Exercise prompt
Leave out the pictures and output exactly the lines below from the one with "来自一位已经离职爱豆经纪人的吐槽#娱乐评论大赏" down to the one with "A1030941082 Mercedes патрубок", both of them included.

Recorded information
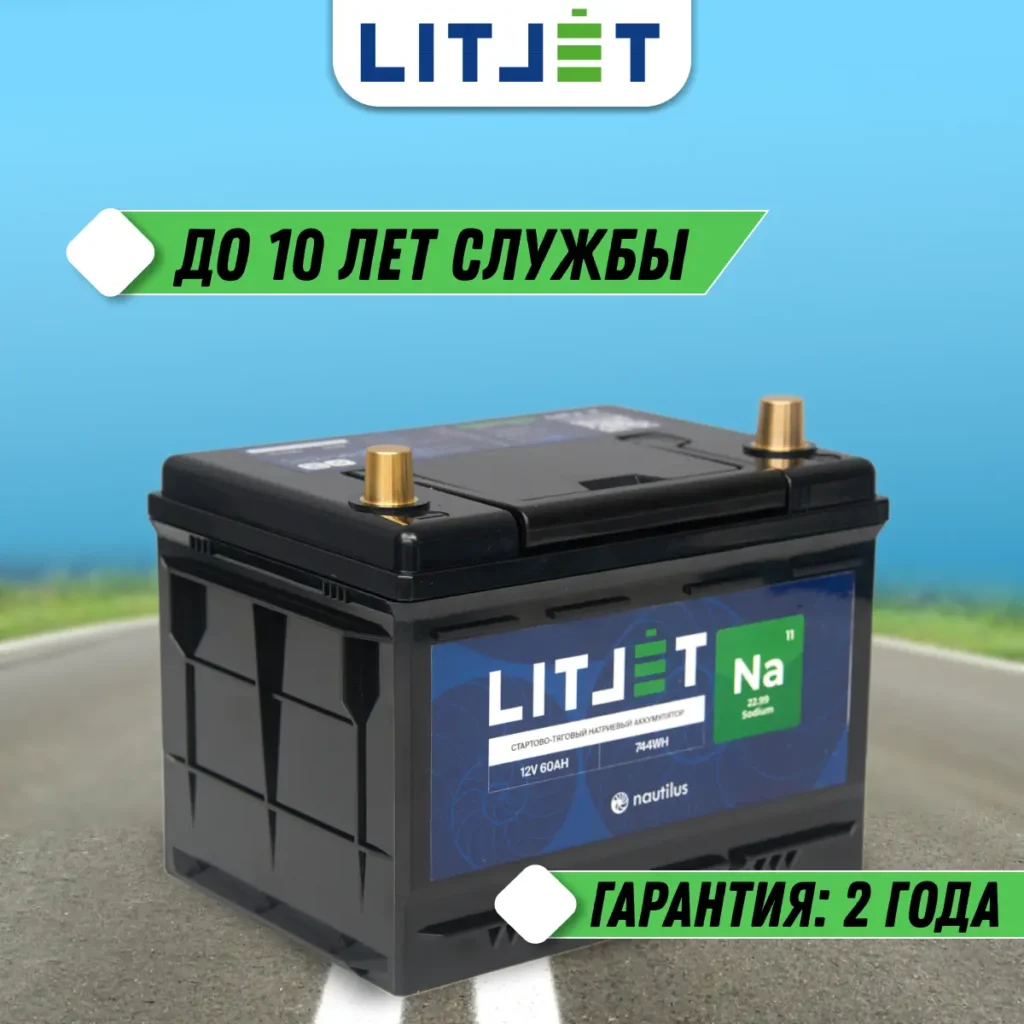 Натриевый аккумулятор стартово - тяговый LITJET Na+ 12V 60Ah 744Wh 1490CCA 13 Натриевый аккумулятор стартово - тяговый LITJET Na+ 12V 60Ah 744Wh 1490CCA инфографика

--

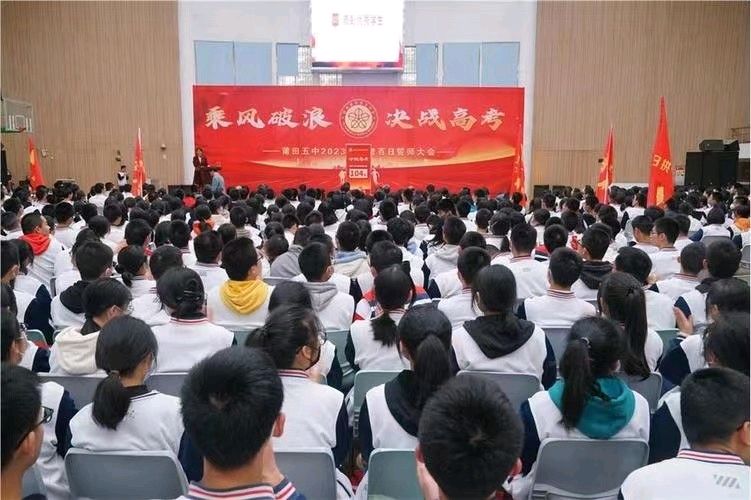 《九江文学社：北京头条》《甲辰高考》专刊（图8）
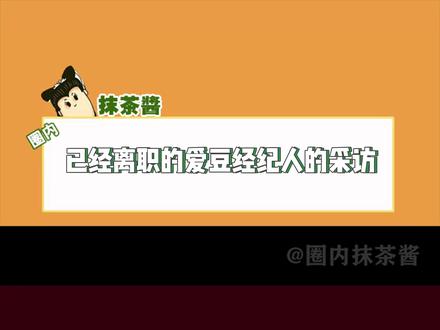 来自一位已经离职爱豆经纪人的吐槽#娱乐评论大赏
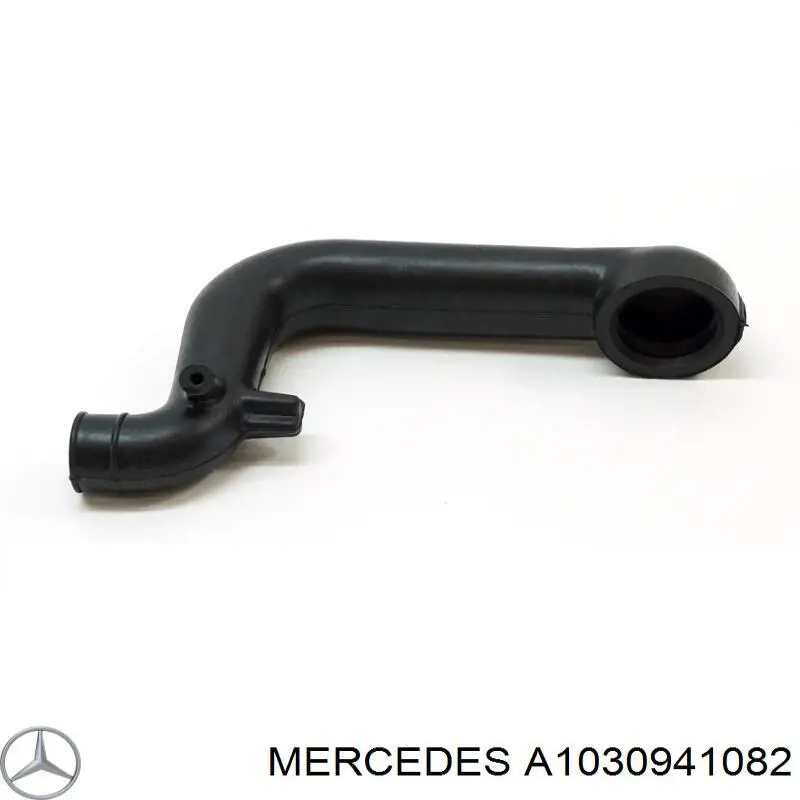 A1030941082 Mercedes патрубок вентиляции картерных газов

...

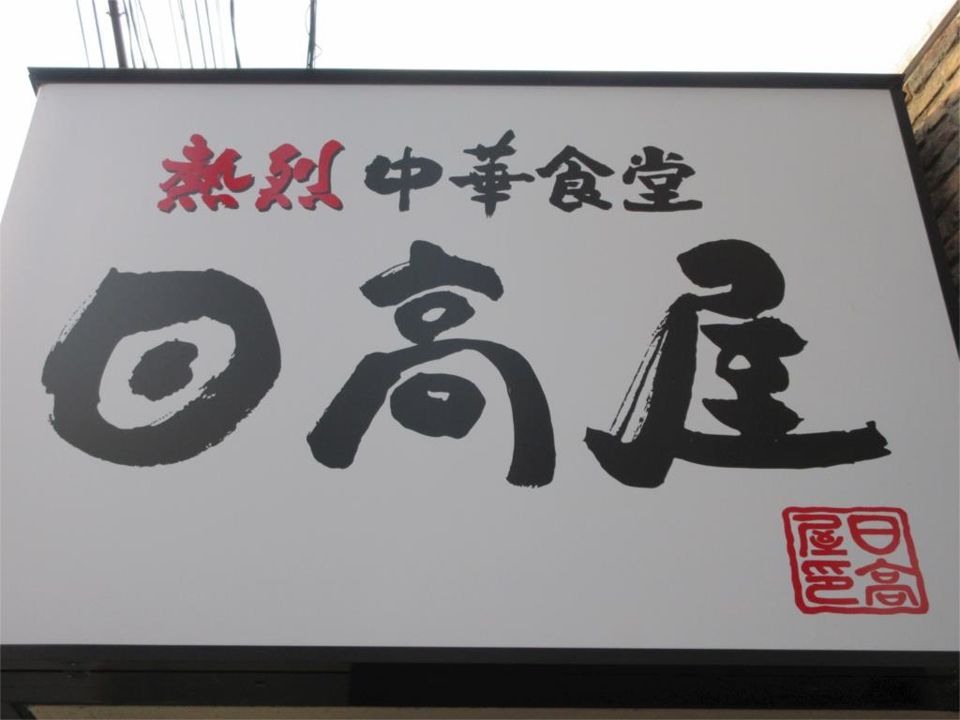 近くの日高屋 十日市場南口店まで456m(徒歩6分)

Output below
 来自一位已经离职爱豆经纪人的吐槽#娱乐评论大赏
 A1030941082 Mercedes патрубок вентиляции картерных газов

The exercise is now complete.